There's no doubt Johnny Depp is a fine actor and endlessly creative, but I wouldn't cast him as Mozart's Don Giovanni because Don Giovanni is a bass, has to be a bass, that's the way Mozart wrote it, and if any opera company transposed the score to make the part singable by a movie star baritone, they'd be quite rightly trashed by everybody who gives a damn about Mozart's original intentions.
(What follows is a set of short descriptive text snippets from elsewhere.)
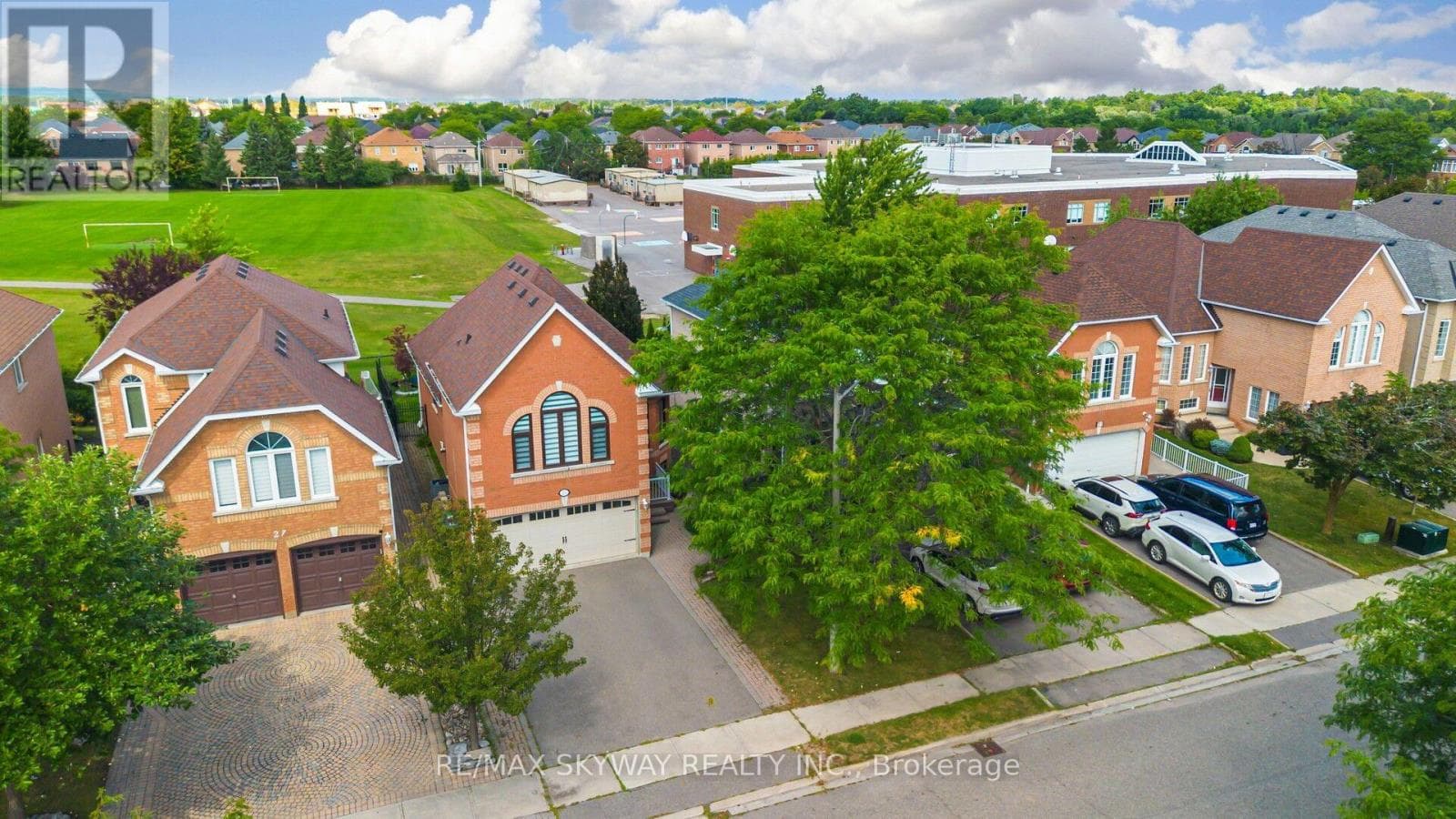 25 Woodcreek Drive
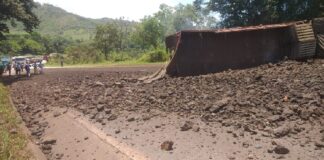 Acidente envolvendo carreta de minério interdita BR-040, em Congonhas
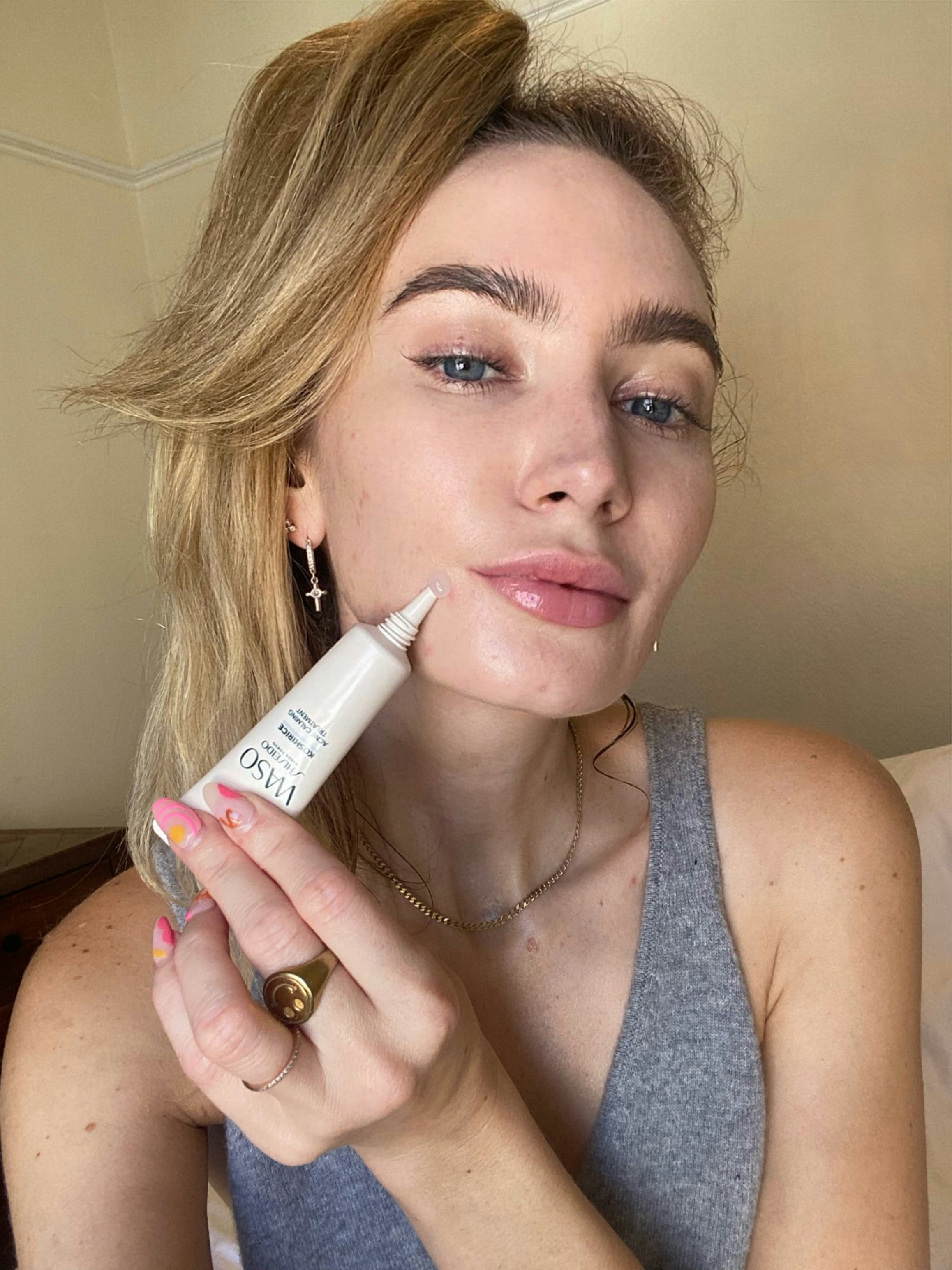 イソ　グリフォ　　ポリトーイズ Waso Koshrice Acne Calming Spot Treatment Review Per A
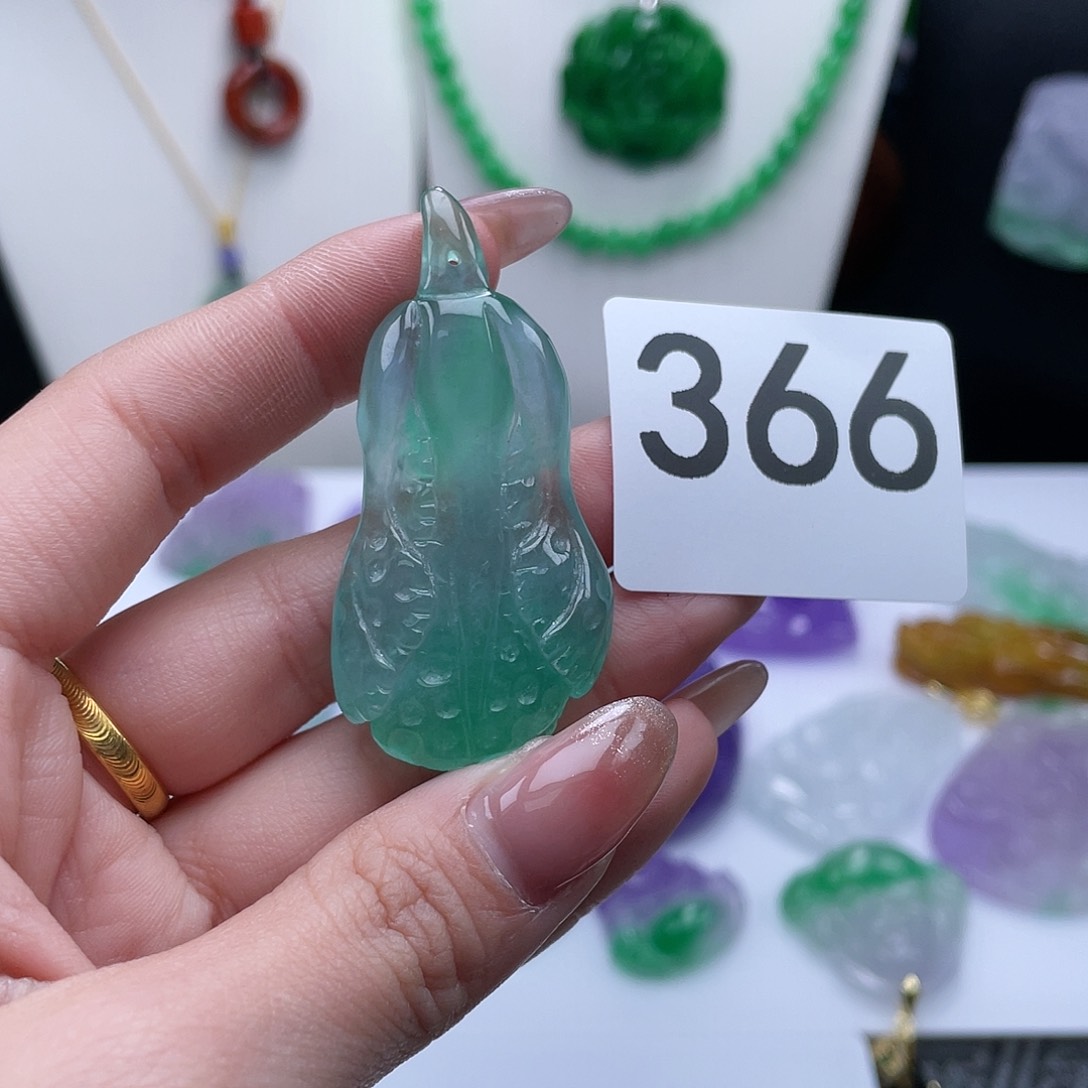 翡翠吊坠(赠链)未镶嵌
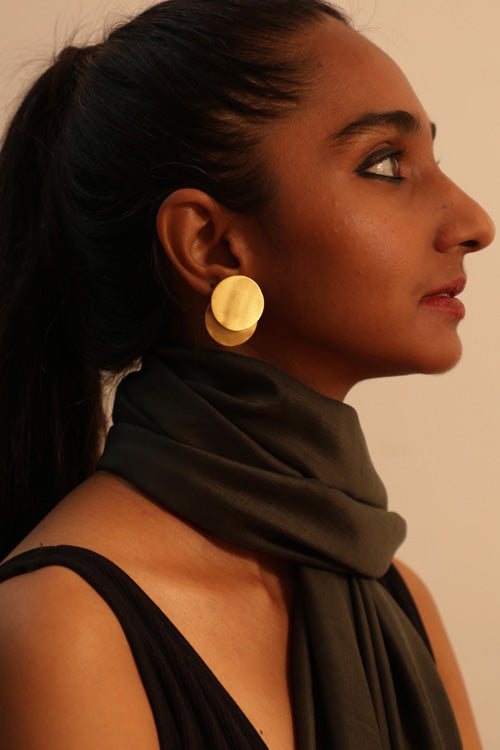 Lukka Chuppi Erebus - Ecplis earrings with brass off cut sheet.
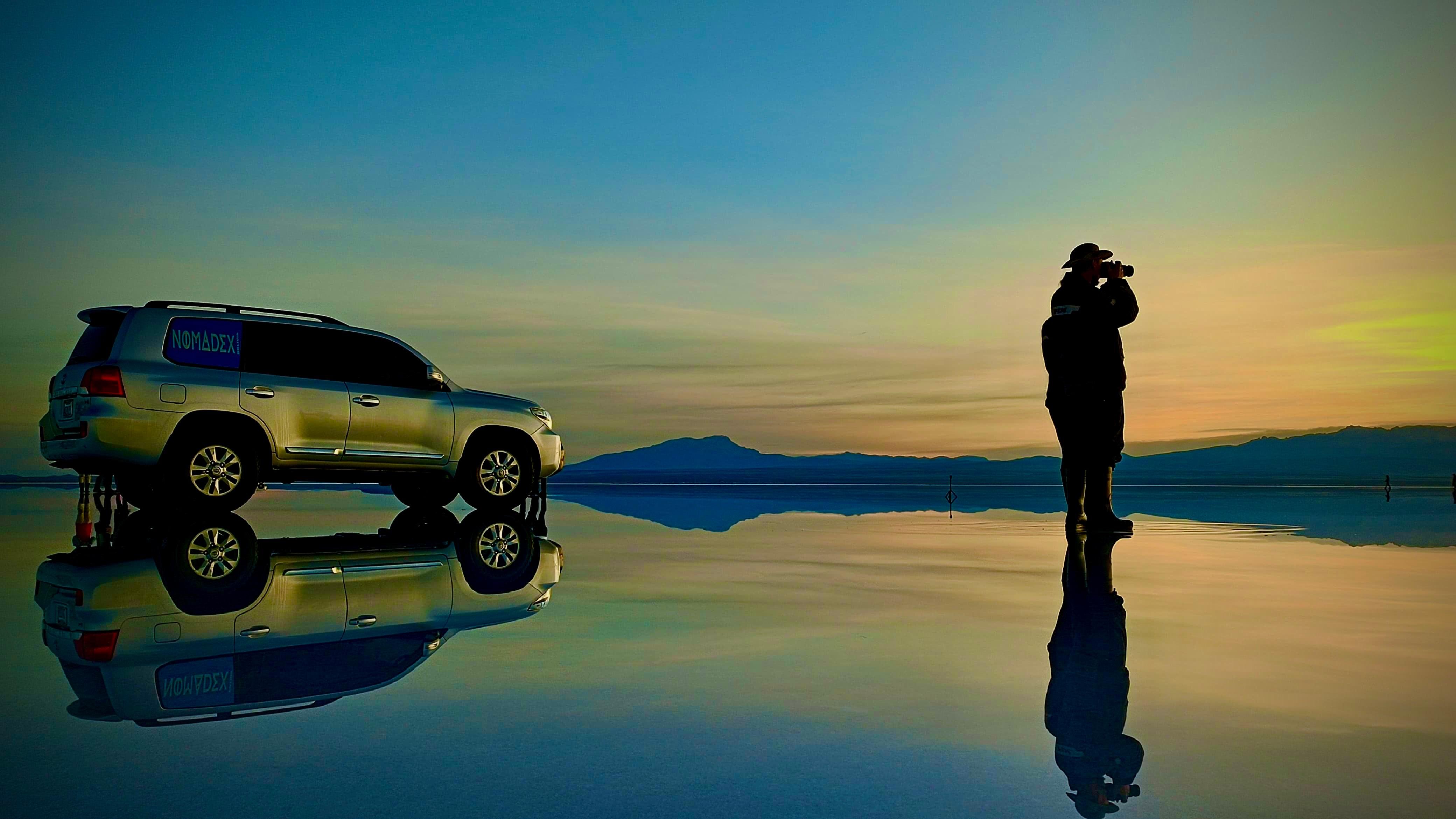 Uyuni Salt Flats Private Day Tour with Sunset & Stargazing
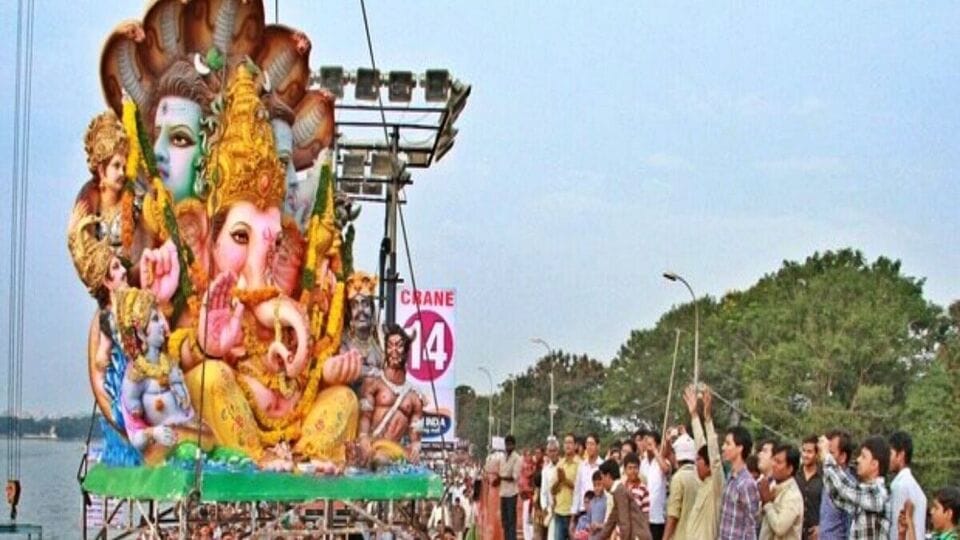 Hyderabad Ganesh Visarjan హైదరాబాద్ లో గణేశ్ నిమజ్జనం ట్రాఫిక్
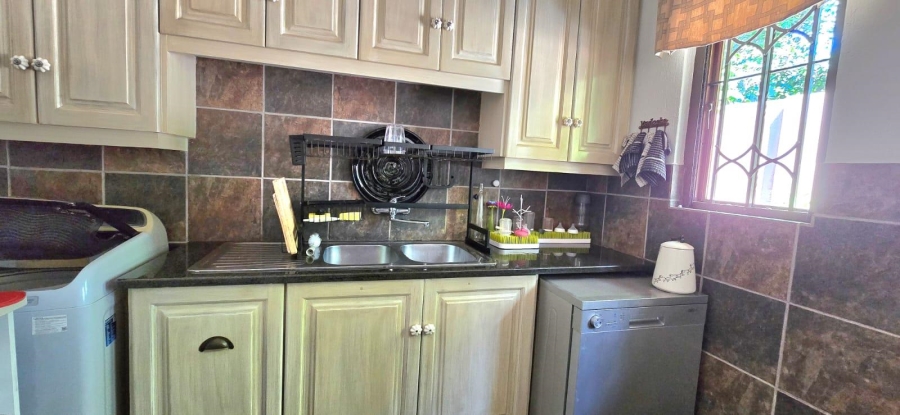 3 Bedroom Property for Sale in Sonheuwel Mpumalanga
It's possible to reject the entire idea that the film version of a Broadway show needs a movie star in the lead anyway. Name the movie star in the Rocky Horror Picture Show. There's a whole generation of deviates who thank God every day they didn't recast Tim Curry. Anybody think My Fair Lady would have been worse if Eliza Doolittle had been played by Julie Andrews, the original Broadway actress, instead of the overdubbed movie star Audrey Hepburn? Jack Warner was rightly raked over the coals for that decision. Sometimes the film of a Broadway show is literally ruined because they cast a movie star instead of a singer. (Man of la Mancha, anyone?) Sometimes, and I know this is a stretch, you want to hear a song sung by an incredible voice, not just an adequate one. Nobody will ever sing If Ever I Would Leave You as good as Robert Goulet, and history will never forget and never forgive the moron who cast Franco Nero instead of Goulet as Sir Lancelot in the film of Camelot.

Yes, the film of Sweeney Todd works the way it is. It doesn't just work, it's one of the best films of the year. But it could have been better. Maybe the director's cut with all the missing music will raise it into the rarefied strata of the best films ever made.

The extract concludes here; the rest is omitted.